*DIRECTIONS FOR THIS TASK*. From the first line to the last, output the data exactly as it stands, minus its pictures.

*DATASET CONTENT*.
■ ■ ■ ■
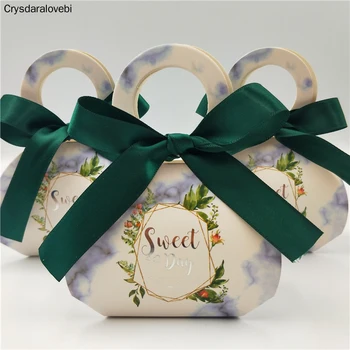Кутии с шоколадови бонбони Сватбени сувенири И подаръчни кутии, В мраморен стил, за да проверите за партита Хартия за душата на детето Опаковка шоколадови кутии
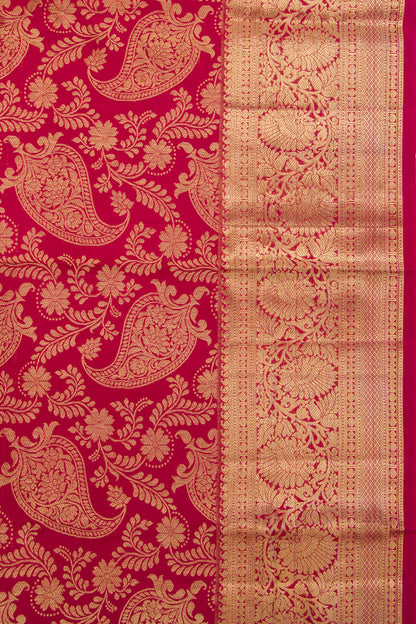 Kanchipuram Silk Brocade Maroon Saree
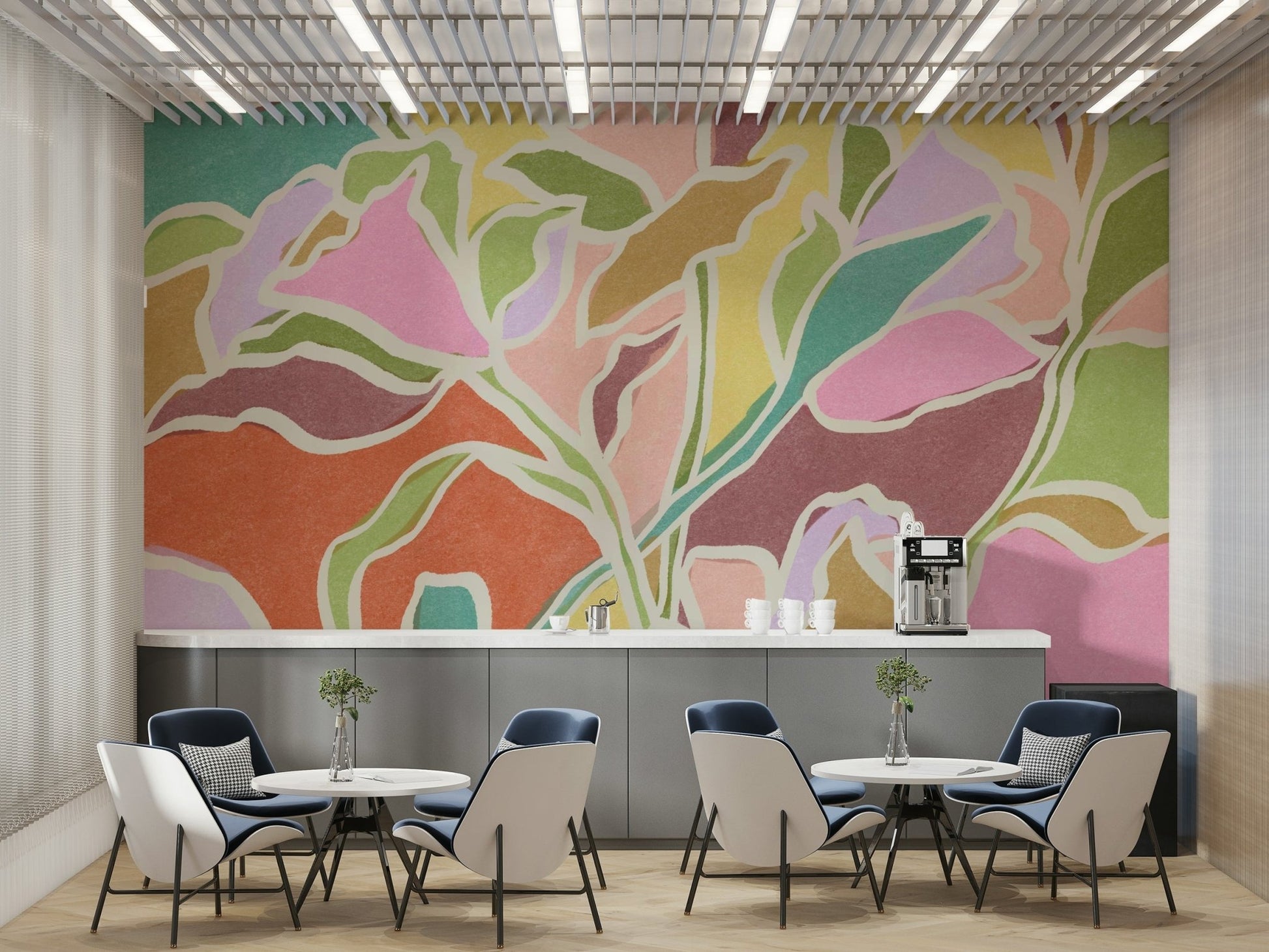 A close-up view shows the soft lines and details of the painted plants.

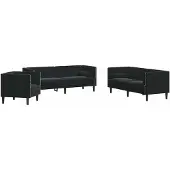 vidaXL Ensemble de 3 canapés Chesterfield avec traversins Noir velours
■ ■ ■ ■
*SOLUTION TO THIS TASK*.
Кутии с шоколадови бонбони Сватбени сувенири И подаръчни кутии, В мраморен стил, за да проверите за партита Хартия за душата на детето Опаковка шоколадови кутии
 Kanchipuram Silk Brocade Maroon Saree
 A close-up view shows the soft lines and details of the painted plants.

 vidaXL Ensemble de 3 canapés Chesterfield avec traversins Noir velours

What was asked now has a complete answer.